### Task item:
The following data needs to be repeated exactly, with all images excluded.

### Source data:
□ □ □ □ □ □ □
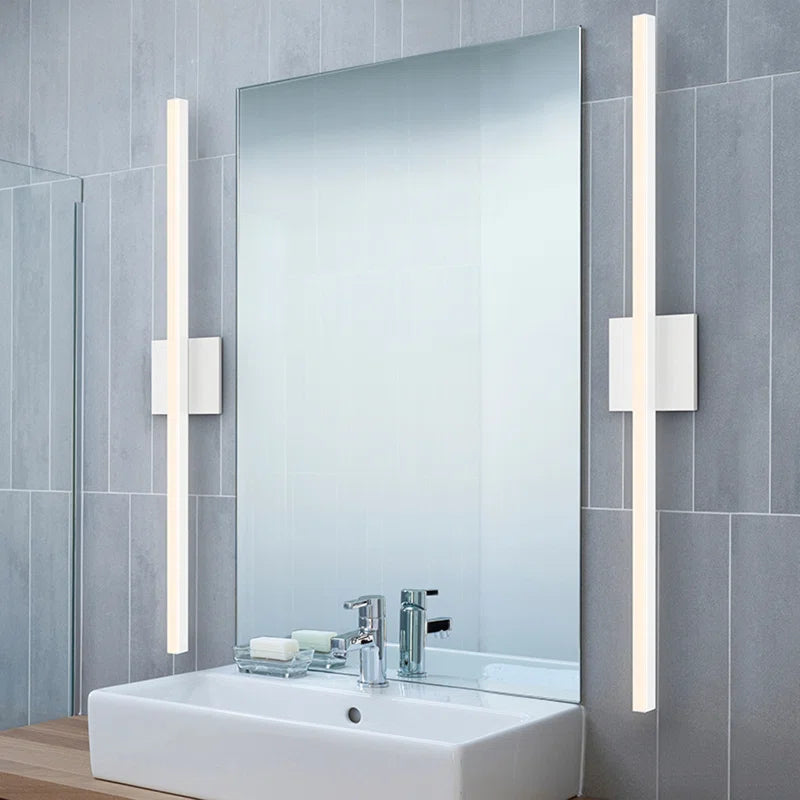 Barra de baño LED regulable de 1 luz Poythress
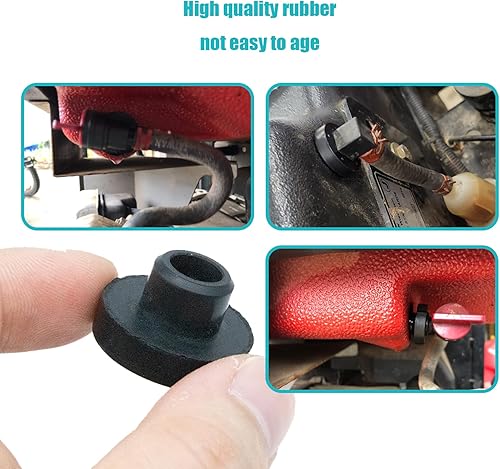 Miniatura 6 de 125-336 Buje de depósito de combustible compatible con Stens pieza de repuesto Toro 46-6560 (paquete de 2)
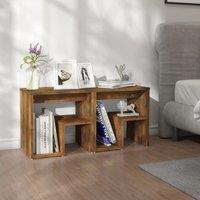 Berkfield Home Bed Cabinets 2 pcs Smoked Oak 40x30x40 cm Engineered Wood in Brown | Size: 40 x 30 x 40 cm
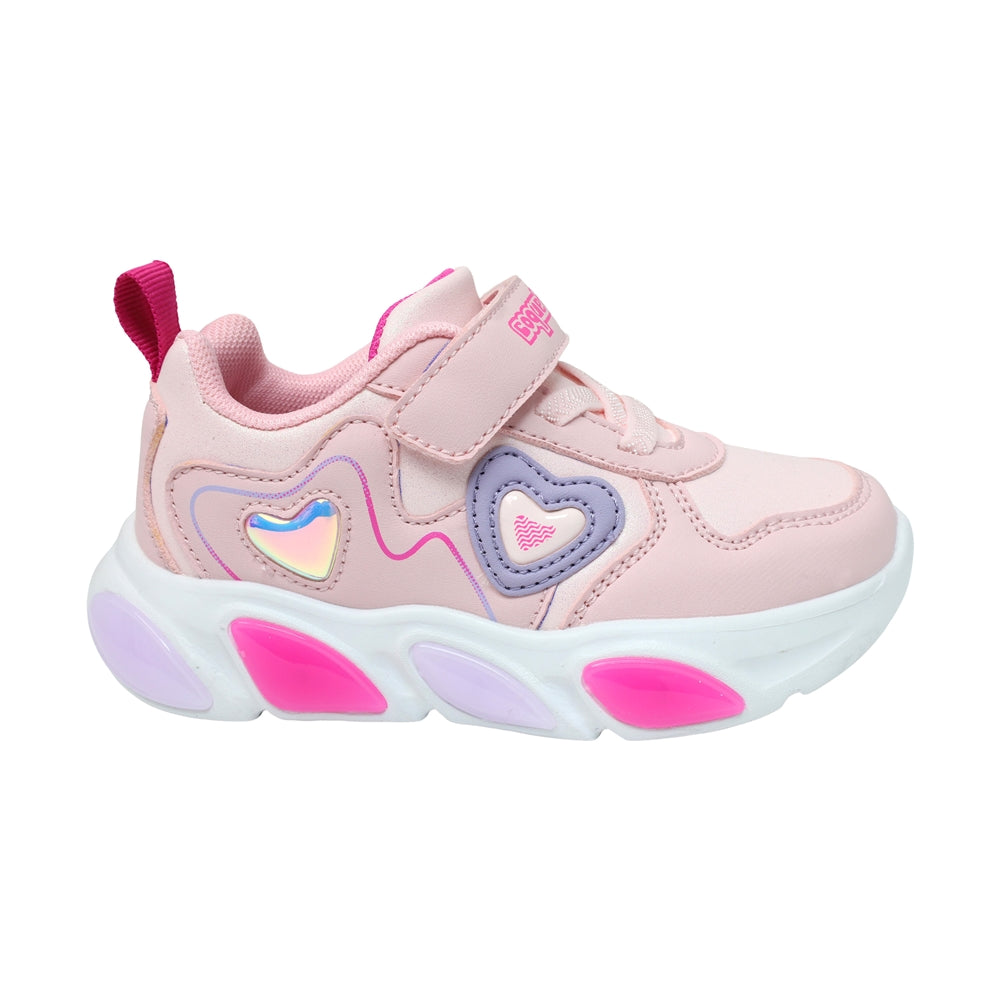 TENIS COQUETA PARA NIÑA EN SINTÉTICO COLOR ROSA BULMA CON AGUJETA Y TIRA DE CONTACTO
□ □ □ □ □ □ □
### Written solution:
 Barra de baño LED regulable de 1 luz Poythress
 Miniatura 6 de 125-336 Buje de depósito de combustible compatible con Stens pieza de repuesto Toro 46-6560 (paquete de 2)
 Berkfield Home Bed Cabinets 2 pcs Smoked Oak 40x30x40 cm Engineered Wood in Brown | Size: 40 x 30 x 40 cm
 TENIS COQUETA PARA NIÑA EN SINTÉTICO COLOR ROSA BULMA CON AGUJETA Y TIRA DE CONTACTO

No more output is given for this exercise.